▸ Instructions for the task: Lines from the one with "Halogen Heaters - 800W or 1200W" up to and including the one with "The Red Kettle menu" are to be copied exactly from the records below, without their pictures.

▸ Exercise data:

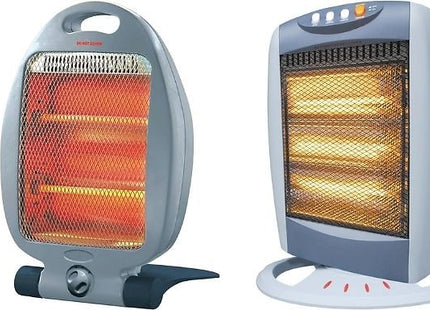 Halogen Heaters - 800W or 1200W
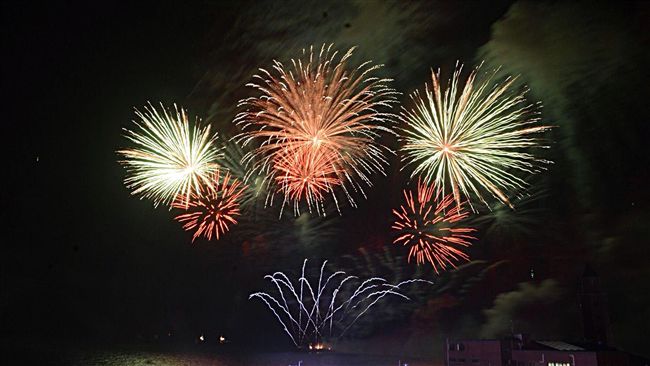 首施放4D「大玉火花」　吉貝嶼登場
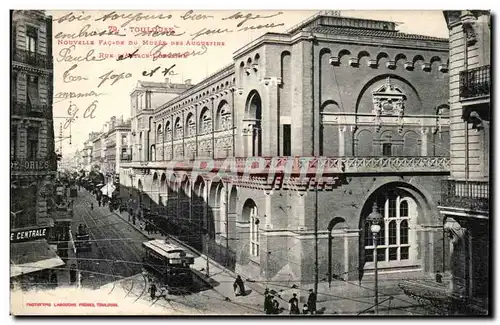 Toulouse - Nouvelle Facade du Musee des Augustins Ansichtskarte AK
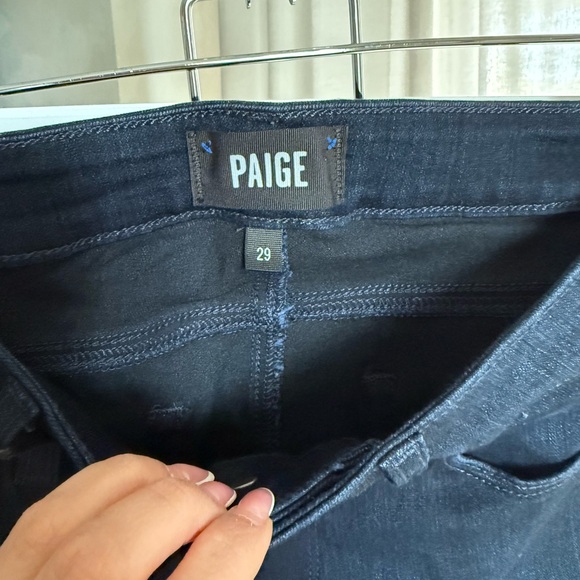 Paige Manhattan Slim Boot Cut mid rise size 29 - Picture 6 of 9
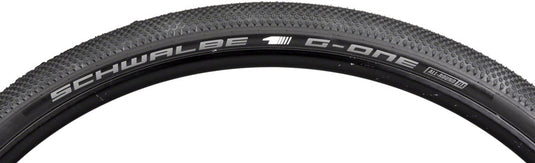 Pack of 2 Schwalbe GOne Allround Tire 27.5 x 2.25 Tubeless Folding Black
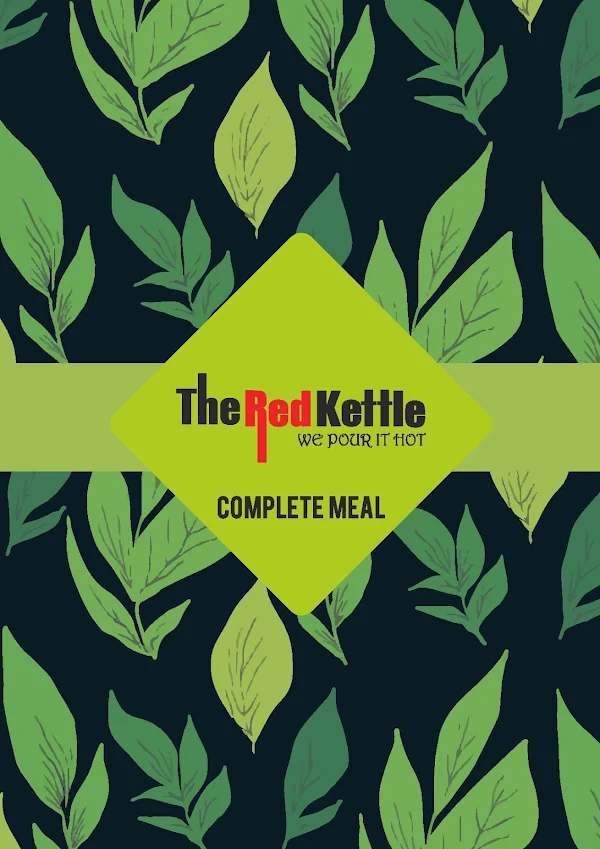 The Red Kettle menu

...

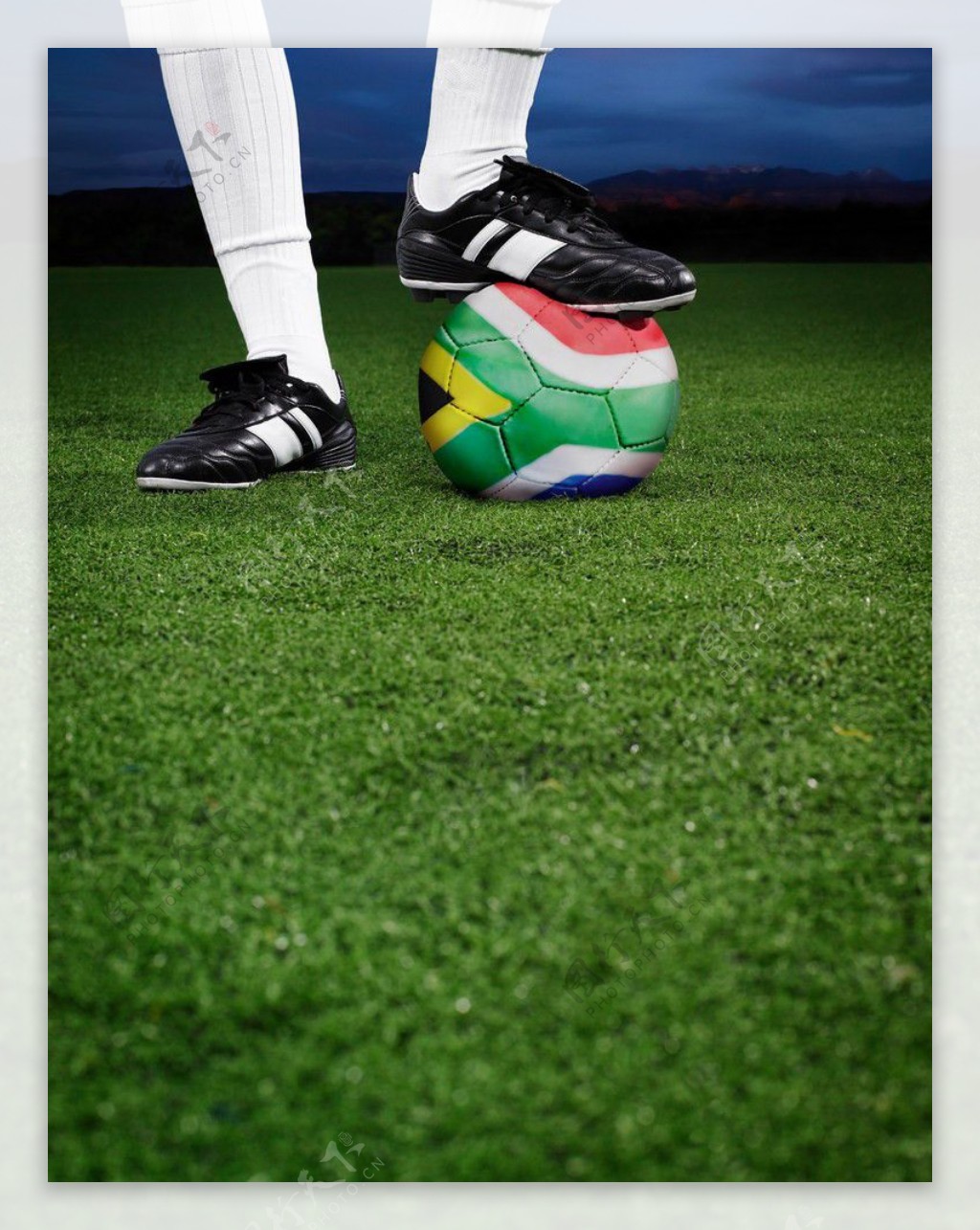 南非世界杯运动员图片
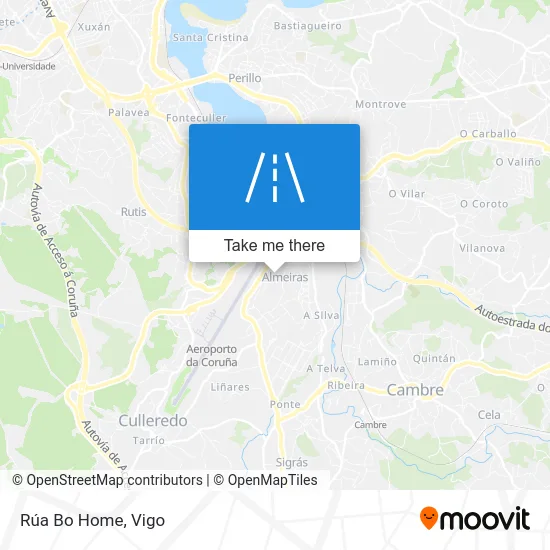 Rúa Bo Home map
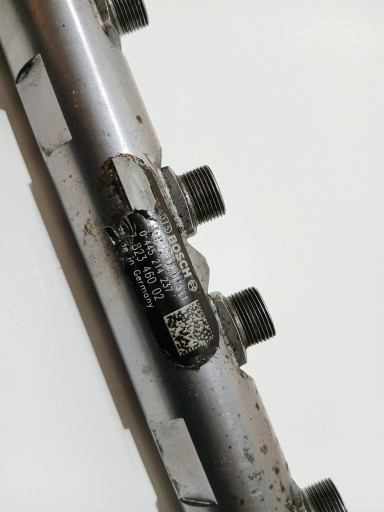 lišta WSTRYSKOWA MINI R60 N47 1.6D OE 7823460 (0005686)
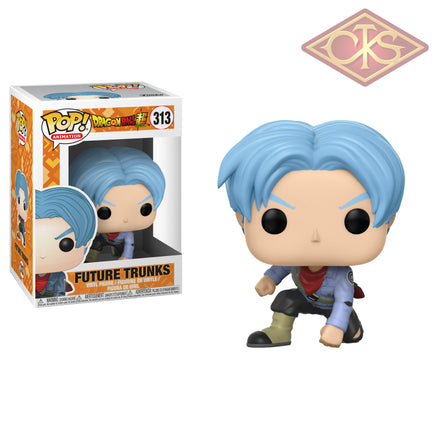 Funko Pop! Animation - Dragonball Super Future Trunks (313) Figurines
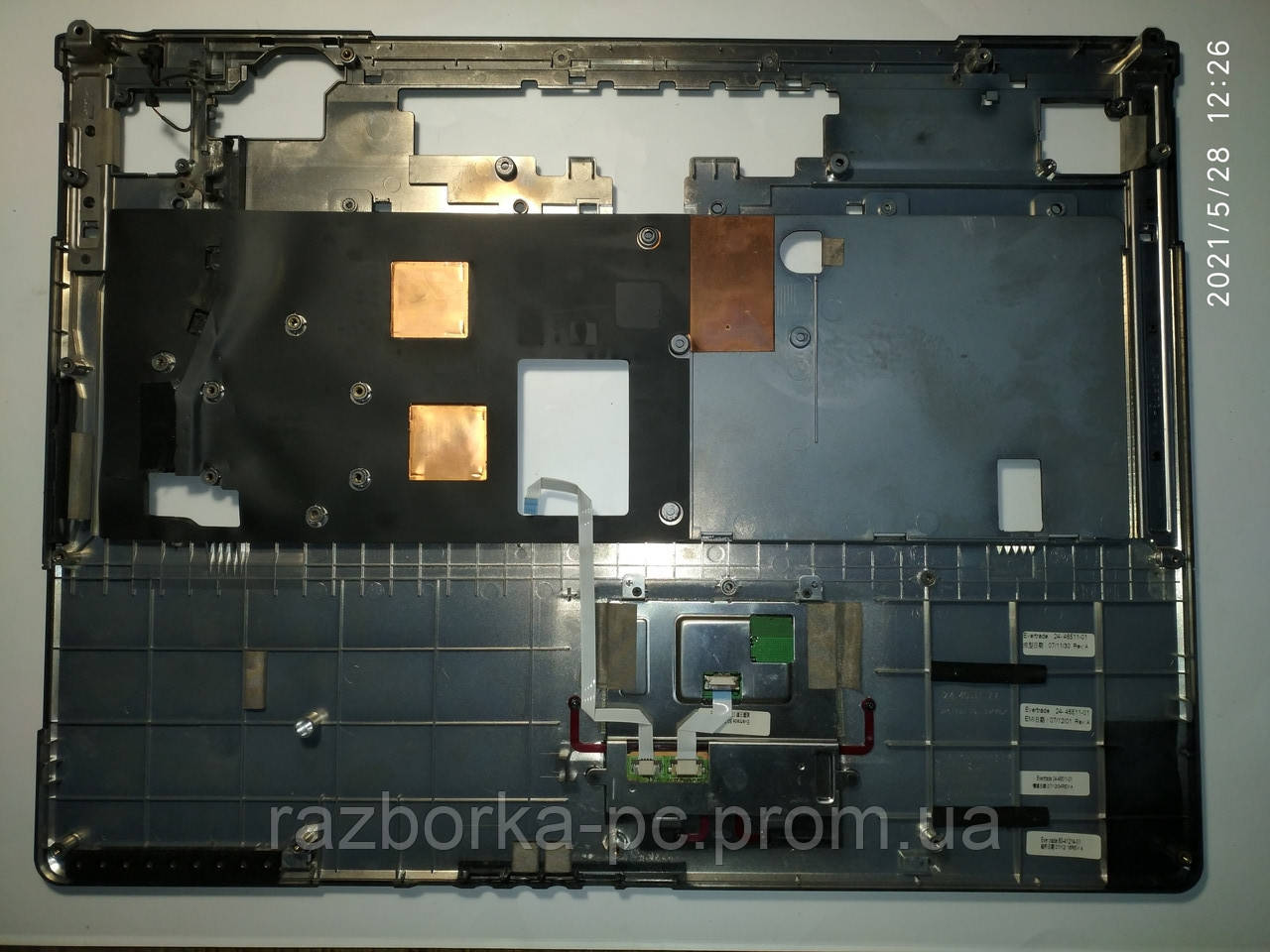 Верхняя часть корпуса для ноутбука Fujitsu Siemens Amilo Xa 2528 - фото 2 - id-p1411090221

==

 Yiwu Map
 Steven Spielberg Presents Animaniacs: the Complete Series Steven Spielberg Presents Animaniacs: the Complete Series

▸ Task answer:
 Halogen Heaters - 800W or 1200W
 首施放4D「大玉火花」　吉貝嶼登場
 Toulouse - Nouvelle Facade du Musee des Augustins Ansichtskarte AK
 Paige Manhattan Slim Boot Cut mid rise size 29 - Picture 6 of 9
 Pack of 2 Schwalbe GOne Allround Tire 27.5 x 2.25 Tubeless Folding Black
 The Red Kettle menu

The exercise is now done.